Во всяком случае иностранец, посещавший страну раз в 16 лет, не узнал бы в ней ту Москву, которая в прошлое его посещение буквально прилипла к телевизорам, со страстью или с негодованием следя за ходом прений на Съезде. До такой степени прилипла, что улицы были пустынны: город ушел на Съезд. Даже в 1990-м, когда я вернулся в Москву, гл. редактор Известий с гордостью пригласил меня на балкон показать далеко внизу длиннейшие очереди у газетных киосков на Пушкинской площади и бурлящее море голов, обсуждавших последние статьи.
Да та ли то была Москва, которую я покидал, казалось, навсегда 16 лет назад? Та ли хмурая, настороженная «не приспособленная к свободе» Россия, словно бы запечатанная заклятьем Проханова? «Держава», «держава» только и было на устах той России. А теперь что? Хоть ложкой хлебай было в этой новой, перестроечной России свободы! Будто снова был на дворе апрель 1917, когда точно так же не узнал свою страну только что вернувшийся из Швейцарии Ленин, объявивший тогда Россию «самой свободной страной в мире». А если искать пример поближе по времени, то ведь Прага перед нами. Прага весны 1968-го, столь же одухотворенная, столь же беззаветно поверившая в «социализм с человеческим лицом» и столь же не подозревавшая, что ждет ее впереди.

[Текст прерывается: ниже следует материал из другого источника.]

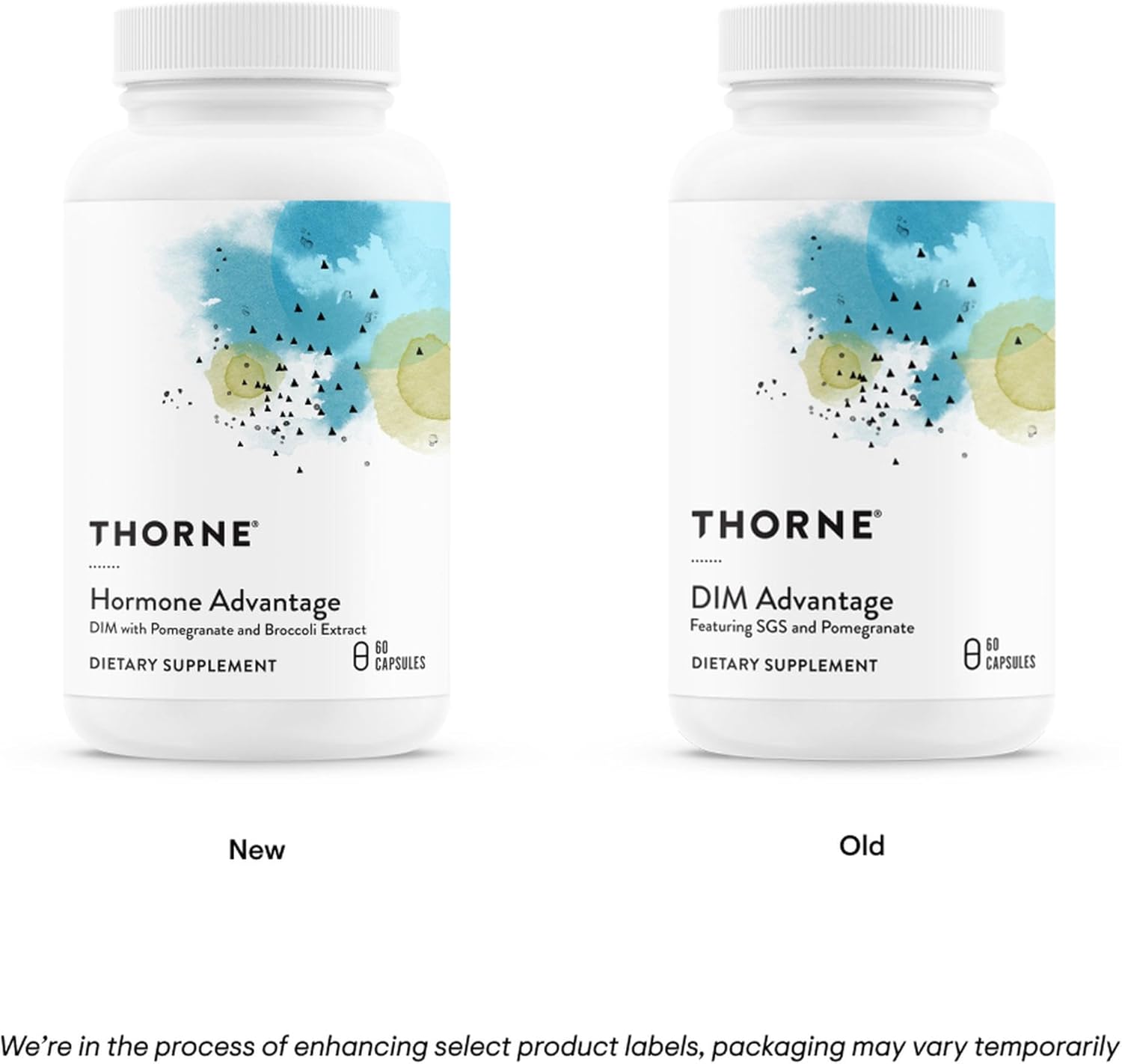 THORNE - Hormone Advantage - (Formerly DIM Advantage) Estrogen Support & Hormone Balance for Men & Women* - Featuring DIM and Pomegranate Extract - 60 Capsules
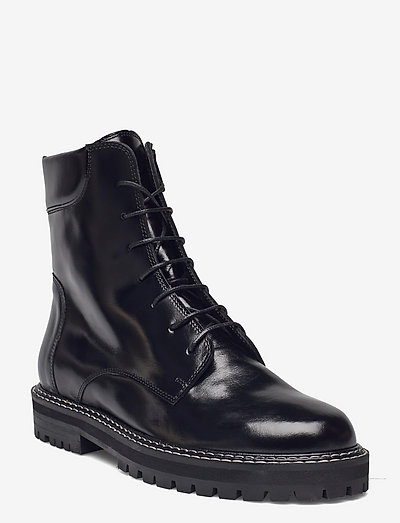 Boots - flat - tasapohjaiset nilkkurit - 1835 black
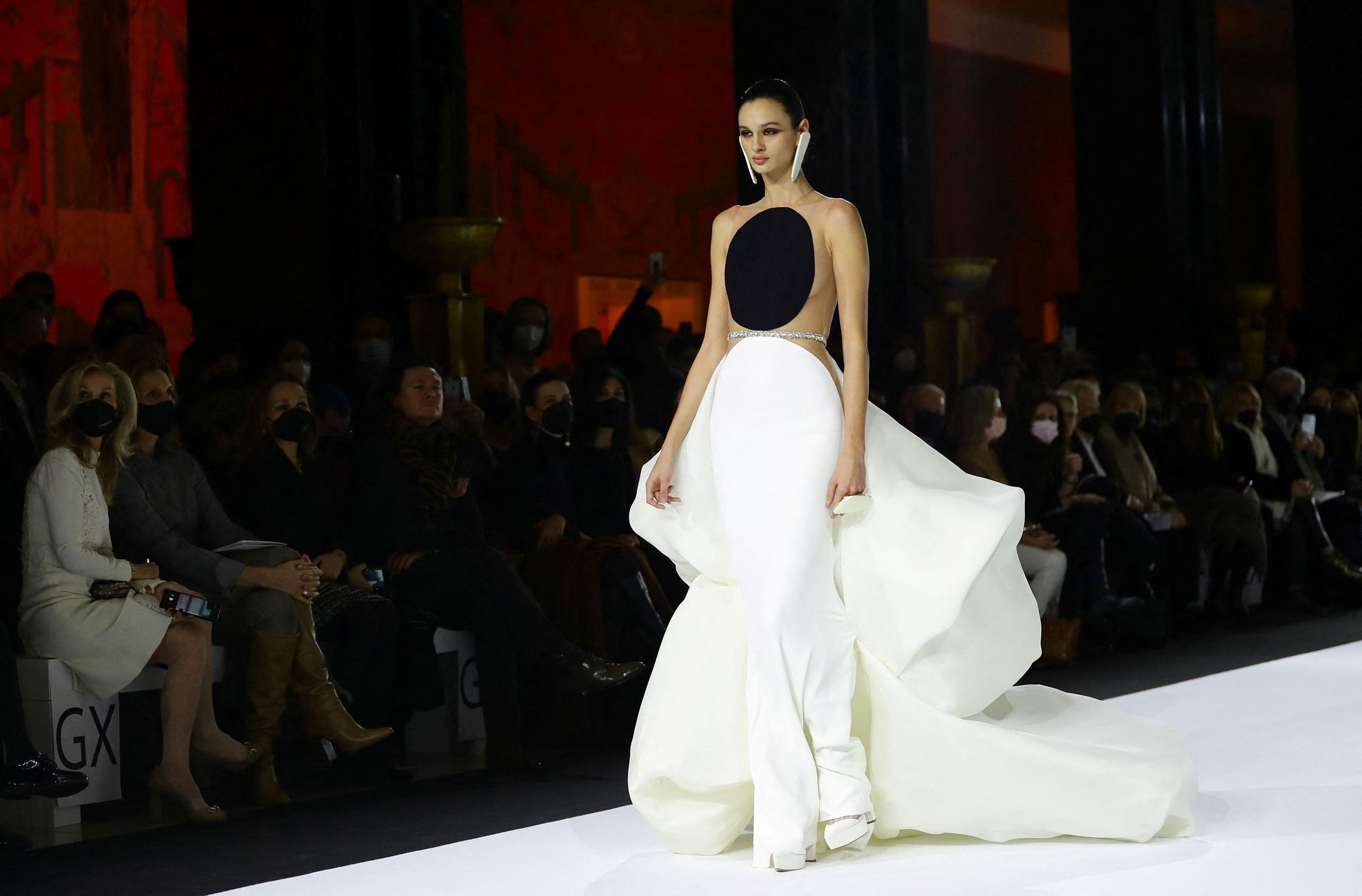 Stephane Rolland Haute Couture Spring/Summer 2022 collection show in Paris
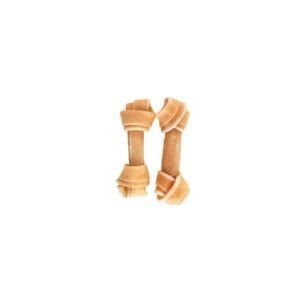 Hueso con nudo de 11 cm, snack natural para perros pequeños y medianos en TodoMASKOTAS.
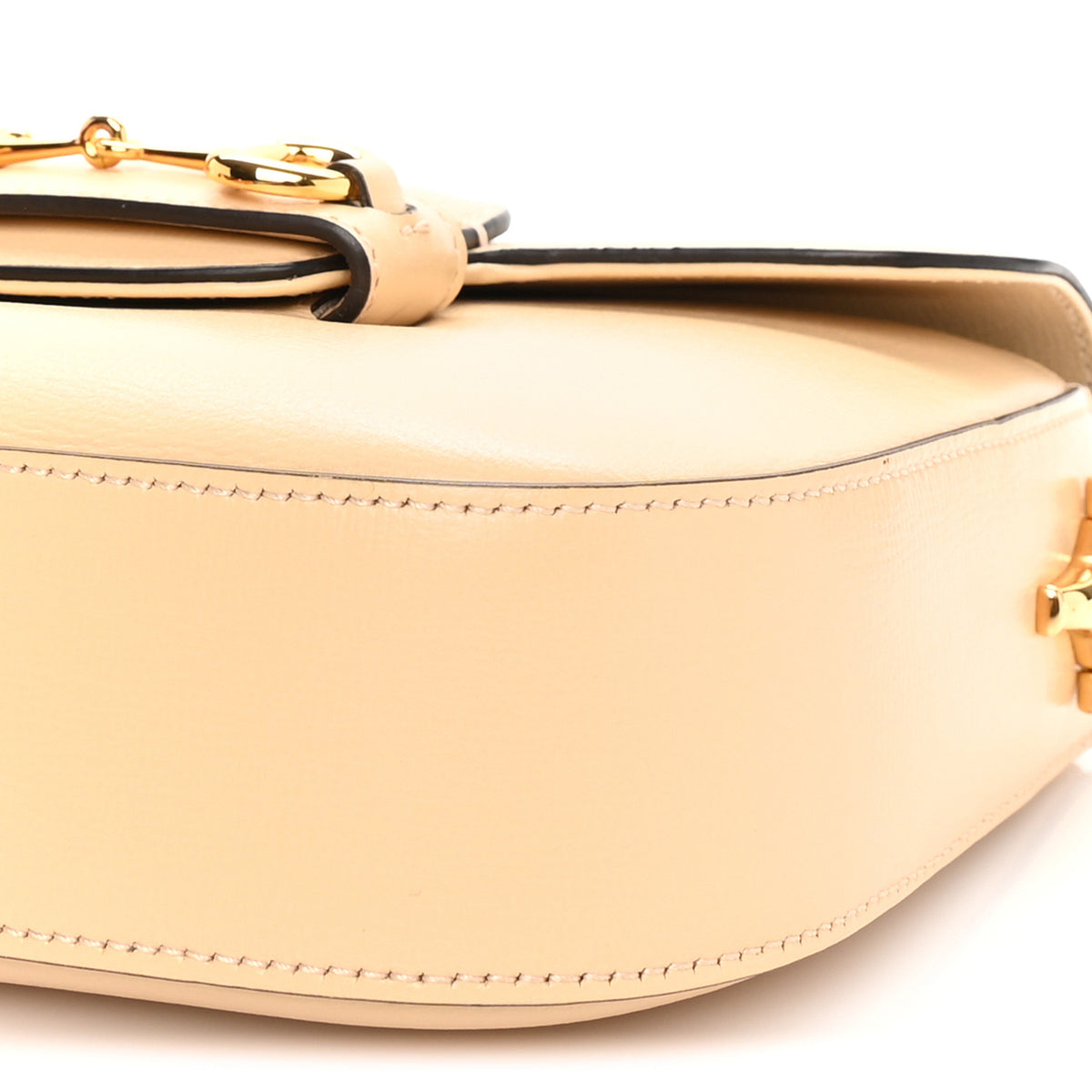 Azalea Calfskin Web Mini Horsebit 1955 Shoulder Bag Bubble Tea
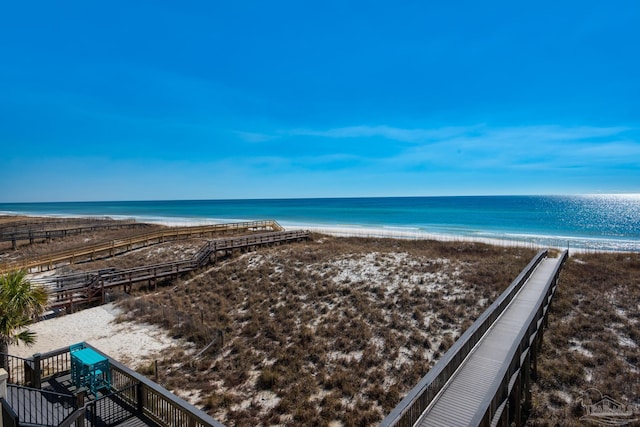 water view featuring a view of the beach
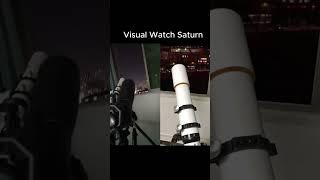 Svbony Sv28 70mm spotting scope Vs svbony sv503 80ED visual watch Saturn #telescope #svbony #planet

Сходство еще усиливается, когда читаешь во вступительном слове В. П. Орлова хвалу партии, выбравшей свободу. Оказывается, «более мощного общенародного референдума в пользу Коммунистической партии, ее курса на обновление никогда у нас еще не было». А нововведения-то были все пражские: «Кандидаты в депутаты выдвигались только снизу. В предвыборной борьбе участвовали тысячи претендентов, выборы осуществлялись на альтернативной основе. Миллионы избирателей только сейчас ощутили, как много значит их голос в общественно-политическом развитии страны».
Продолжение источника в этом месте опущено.